Secret Societies of All Ages: Vol 2 - Charles Heckethorn

XIV. Freemasonry in France

430. Introduction into France.—Freemasonry was introduced into France by the partisans of James and the Pretender, as a possible means of reseating the Stuart family on the English throne. Not satisfied with turning masonic rites to unforeseen and illegitimate uses, new degrees were added to those already existing, such as those of "Irish Master," "Perfect Irish Master," and "Puissant Irish Master," and by promises of the revelation of great secrets, and leading them to believe that Freemasons were the successors of the Knights Templars, the nobility of the kingdom were attracted towards the Order, and liberally supported it with their means and influence. The first lodge established in France was that of Dunkirk (1721), under the title of "Friendship and Fraternity." The second, whose name has not been handed down, was founded in Paris in 1725 by Lord Derwentwater. Other followers of the Pretender established other lodges, of all which Lord Derwentwater was the grand master, until that nobleman lost his life for his devotion to the cause of the Stuarts in 1746.

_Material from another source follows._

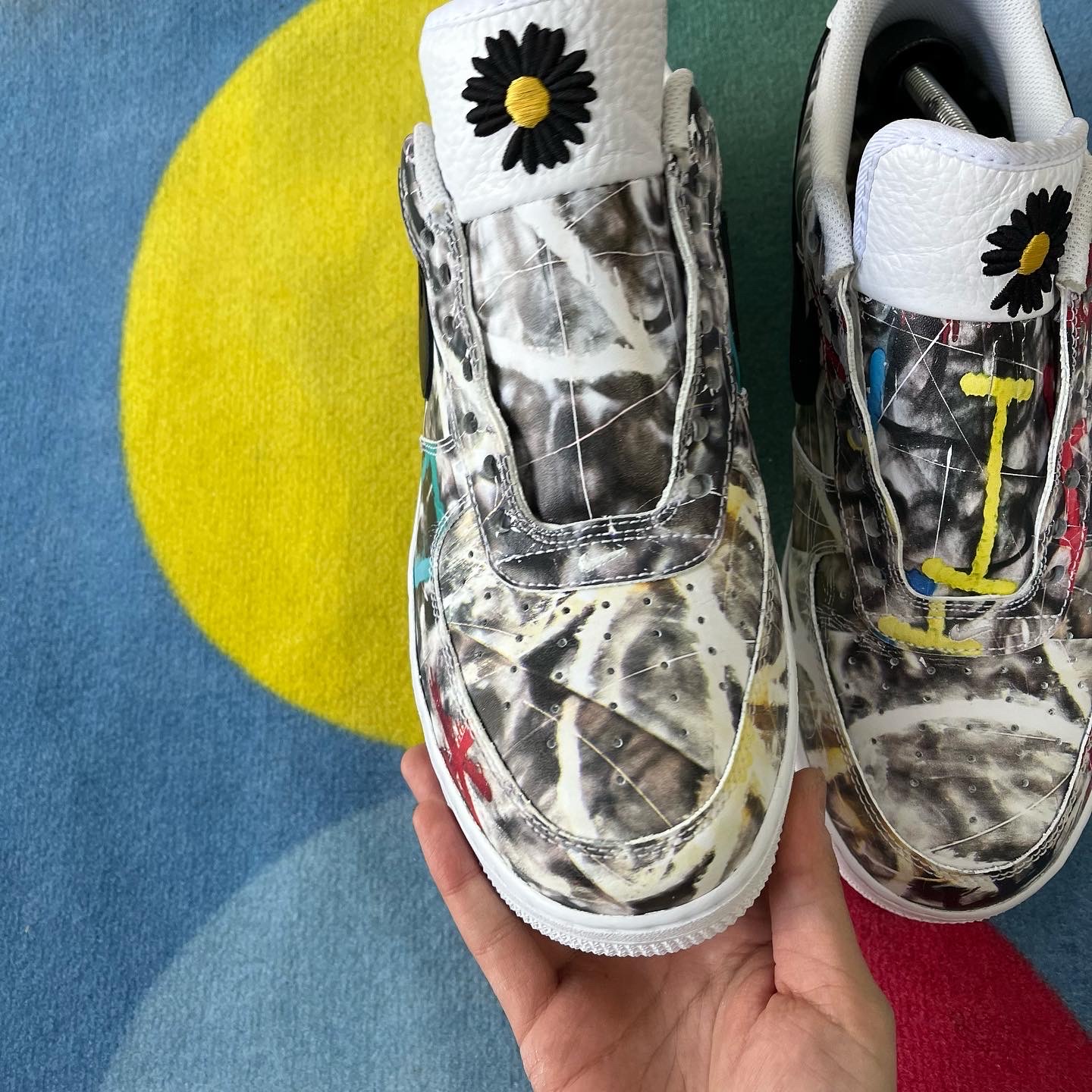 Nike x Peaceminusone Air Force 1 Low Para-Noise 2.0 착용 스타일 - 3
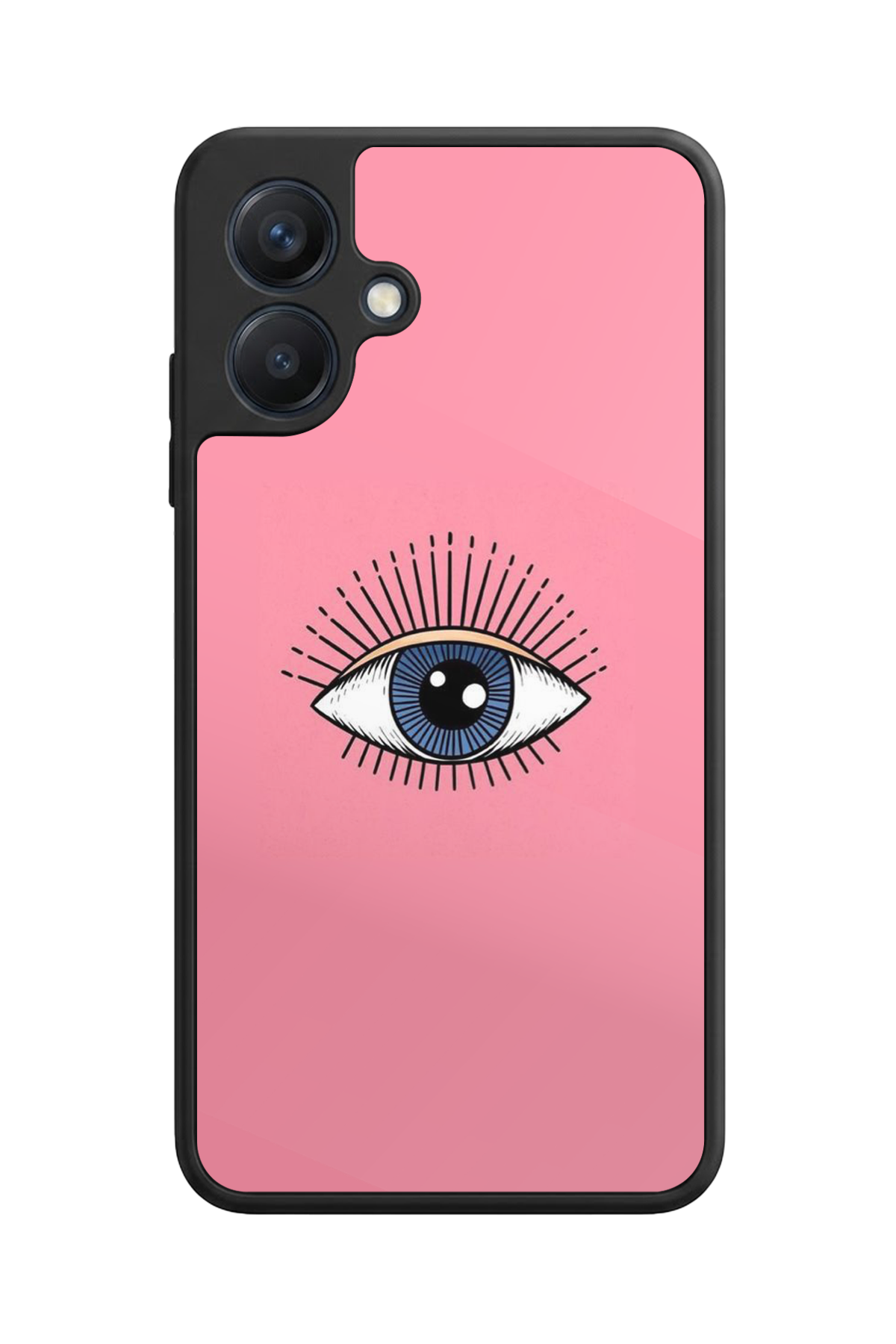 Samsung Galaxy A07 Uyumlu Göz Tasarımlı Glossy Premium Kılıf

431. Chevalier Ramsay.—The Chevalier Ramsay, also a devoted adherent of the house of Stuart, endeavoured more effectually to carry out the views of his predecessors, and in 1730 attempted in London to lay the basis of a masonic reform, according to which the masonic legend referred to the violent death of Charles I., while Cromwell and his partisans represented the assassins to be condemned in the lodge. He therefore proposed to the Grand Lodge of England to substitute in the place of the first three degrees those of Scotch Mason, Novice, and Knight of the Temple, which he pretended to be the only true and ancient ones, having their administrative centre in the Lodge of St. Andrew at Edinburgh. But the Grand Lodge at once rejected his views, whose objects it perceived. Ramsay went to Paris, where he met with great success. His system gave rise to those higher degrees which have since then been known by the name of the Ancient Scotch rite. Many of these innovations made up for their want of consistency with masonic traditions by splendour of external decorations and gorgeousness of ceremonies. But the hautes grades of the French, and the philosophic degrees of the Ancient Scotch rite, are not innovations, but illustrations of pure symbolic Masonry.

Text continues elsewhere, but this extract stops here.